Drogba infila la Juve, Ranieri: «Peccato...»

Il Chelsea si aggiudica l'andata con un gol dell'ivoriano. Il tecnico bianconero: «Preferivo giocare peggio e fare gol». Buffon: «Abbiamo regalato i primi 15 minuti come a Palermo. ma ce la possiamo fare»

Soddisfatto a metà per avere visto una Juventus che «ha fatto bene fino in fondo», ma che è uscita battuta per 1-0 dal Chelsea a Stamford Bridge nell'andata degli ottavi di finale di Champions League, Claudio Ranieri sottolinea che in fin dei conti «nulla è ancora perduto» e che la qualificazione si deciderà il 10 marzo all'Olimpico di Torino nella gara di ritorno. «Sarà in salita, ma non per questo ci arrendiamo: lotteremo fino alla fine», ha detto alla Rai l'allenatore bianconero. «Abbiamo fatto bene fino alla fine, e fino alla fine ci abbiamo creduto e sperato.
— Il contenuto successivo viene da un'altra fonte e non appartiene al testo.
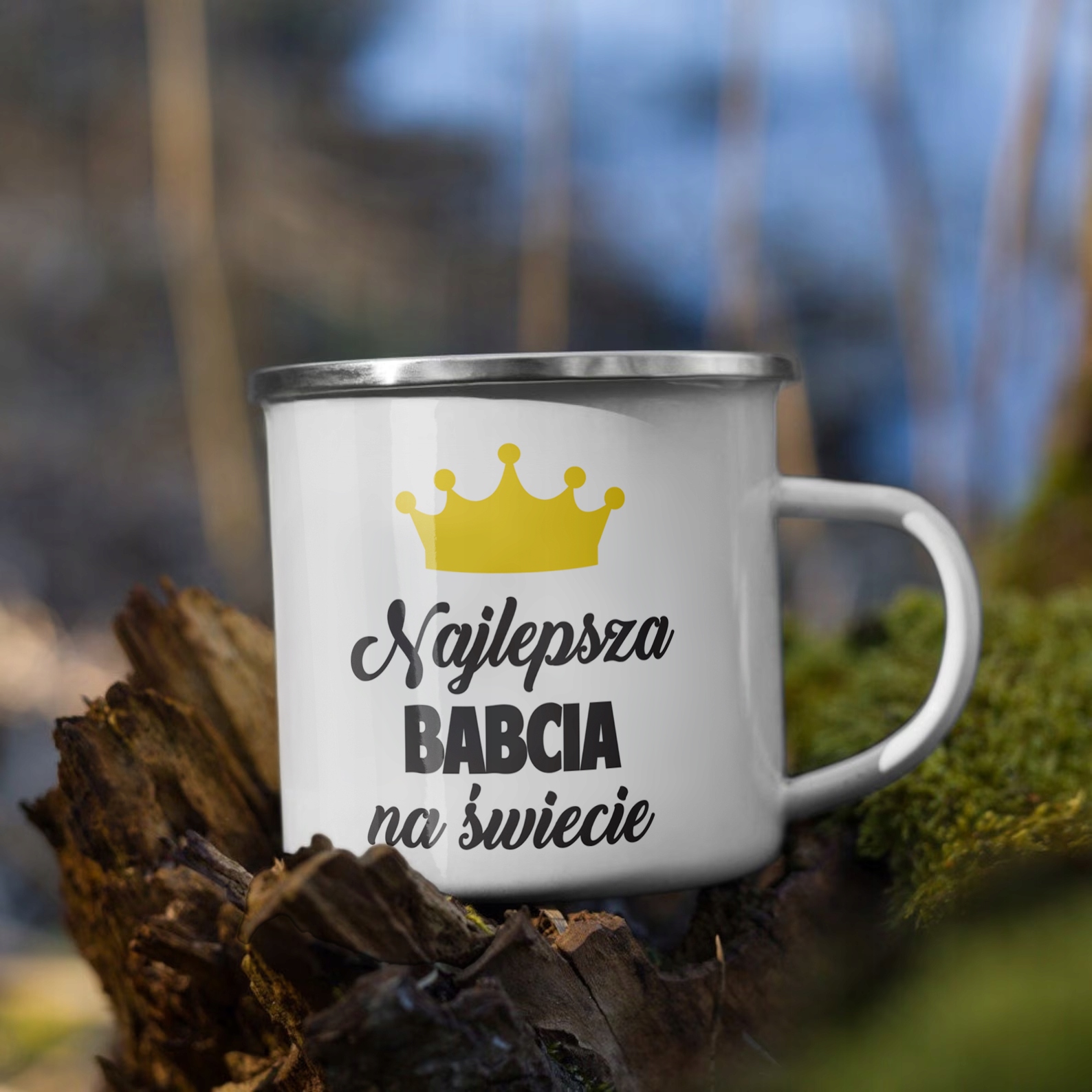 Emaliowany Kubek Garnuszek 300 ml Dzień Babci Prezent Najlepsza Babcia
Purtroppo avevamo preparato la partita con l'intenzione di evitare il loro assalto iniziale e non ci siamo riusciti. Volevamo attaccarli subito proprio per evitare di farci sorprendere, ma non è andata così». La rete della vittoria dei blues è infatti arrivata al 12' firmata da Didier Drogba, aiutato da un'amnesia della difesa bianconera. «L'avevano tenuto in naftalina per sei mesi...», ha amaramente sottolineato Ranieri che ha aggiunto: «Preferivo giocare peggio e fare un gol». Concetto ripreso anche da Gigi Buffon: «Di buono c'è la prestazione di 75 minuti ben giocati, con personalità, in cui abbiamo messo sotto il Chelsea - ha detto il portiere bianconero a Sky - ce la siamo giocata alla pari; di cattivo ci sono i primi 15 minuti, in cui, come era accaduto a Palermo, abbiamo subito la loro partenza. Quando giochi contro certi campioni è più facile subire gol». Ora Buffon guarda avanti: «Per il ritorno - dice - dobbiamo avere ottimismo e convinzione, ma non possiamo neanche gioire perchè, anche se il risultato è ribaltabile, la partita poteva finire in un'altra maniera, segnando dei gol. Abbiamo giocato contro una squadra che qualitativamente ha qualcosa in più di noi. Penso che come compattezza e a livello di ritmo, se siamo come stasera o meglio, potremo metterli sotto dal punto di vista fisico. È chiaro - la conclusione - che bisognerà mettere sul tavolo le nostre qualità migliori».